As a bottom-line: I still find we are truly over-regulating things here, as AMF should be an XML dialect to describe color metadata only, whereas imaging stuff (incl. framing/scaling parameters) are to be regulated by separate XML namespaces that may either extend AMF, or be extended by AMF. But if this framing metadata need be specced here, I find this thread is reaching out to a very effective, generic framework.

Hey Walter!
Thank you for the feedback.

I agree

I agree

This might depend on how we decide to logically make things work: if the active and target depends and are relative to the output of the extraction, then no - I don’t agree- they should be children of extraction. If we stick to what we roughly agreed yesterday (the coordinates for active , extraction , target are all relative to the input), then I agree with you on this point too.

@JesseKorosi with this simplified way one could also attempt to find a string model that would reflect the XML structure to be fitted into ALE’s or EDLs. I suggest we take a look at how Codex handles it from their Production Suite software.

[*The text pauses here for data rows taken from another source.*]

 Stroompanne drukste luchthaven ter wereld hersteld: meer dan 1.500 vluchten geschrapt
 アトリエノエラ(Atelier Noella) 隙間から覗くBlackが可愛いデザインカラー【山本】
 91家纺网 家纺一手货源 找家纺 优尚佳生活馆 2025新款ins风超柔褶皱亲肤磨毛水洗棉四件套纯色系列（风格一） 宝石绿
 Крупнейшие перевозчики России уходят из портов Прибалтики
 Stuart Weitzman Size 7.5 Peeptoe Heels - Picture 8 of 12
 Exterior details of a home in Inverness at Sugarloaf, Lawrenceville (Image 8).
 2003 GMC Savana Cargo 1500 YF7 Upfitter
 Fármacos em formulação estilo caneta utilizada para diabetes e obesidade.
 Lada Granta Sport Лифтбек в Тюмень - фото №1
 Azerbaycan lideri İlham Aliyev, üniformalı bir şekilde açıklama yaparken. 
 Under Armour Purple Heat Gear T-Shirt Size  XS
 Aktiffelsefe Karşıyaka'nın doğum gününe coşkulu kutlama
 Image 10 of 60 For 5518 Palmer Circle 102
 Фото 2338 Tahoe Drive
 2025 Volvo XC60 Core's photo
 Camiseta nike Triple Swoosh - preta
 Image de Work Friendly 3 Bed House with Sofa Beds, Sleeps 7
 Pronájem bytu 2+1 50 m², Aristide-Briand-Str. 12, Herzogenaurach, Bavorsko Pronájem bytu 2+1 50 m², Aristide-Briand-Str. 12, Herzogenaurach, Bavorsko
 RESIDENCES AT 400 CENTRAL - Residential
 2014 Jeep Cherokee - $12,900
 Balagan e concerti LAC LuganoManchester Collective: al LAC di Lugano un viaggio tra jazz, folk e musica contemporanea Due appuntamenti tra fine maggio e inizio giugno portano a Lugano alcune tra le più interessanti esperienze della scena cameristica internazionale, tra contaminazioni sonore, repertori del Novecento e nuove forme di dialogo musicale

Codex is likely to change approach to framing in future applications, so please don’t dig too deep in to current behaviour w.r.t. ALE/EDL serialisation!

Production Suite requires that the user associates a framing rectangle with each source clip.
The canvas rectangle is defined by [width, height, pixelAspect]
An inner (framing) rectangle is defined by [width, height, xOffset, yOffset], where offsets are relative to the top-left corner of the canvas.

The geometry of output deliverables is similarly defined by a canvas and inner rectangle, along with fitting rules that define how a source inner rectangle should be fitted inside the target inner rectangle. All fitting is performed at sub-pixel precision.

As an example, a 2.39 framed region of a Alexa65 clip might be described as canvas=[6560,3100,1.0], inner=[6144,2574,208,263]. If mapping to a target image with canvas=[1920,1080,1.0], inner=[1824,1080,48,0] and fitting rule FitWidth, then the image would be rescaled so that the source 6144x2574 framed region aligned with the 1824-wide inner region of the target. We provide various fitting rules: FitX/FitY/FitXY.
Note that the source and target pixelAspects are used to constrain the fitting rules.

Note that we have another two parameters - biasX and biasY that allow the user to decide how to bias the position for cases where the source and target inner rectangles are not the same aspect. e.g. biasX=0 would results in top-justify, biasX=1 would result in bottom-justify.

I’m afraid I can’t make today’s call, but will be happy to engage in future conversations.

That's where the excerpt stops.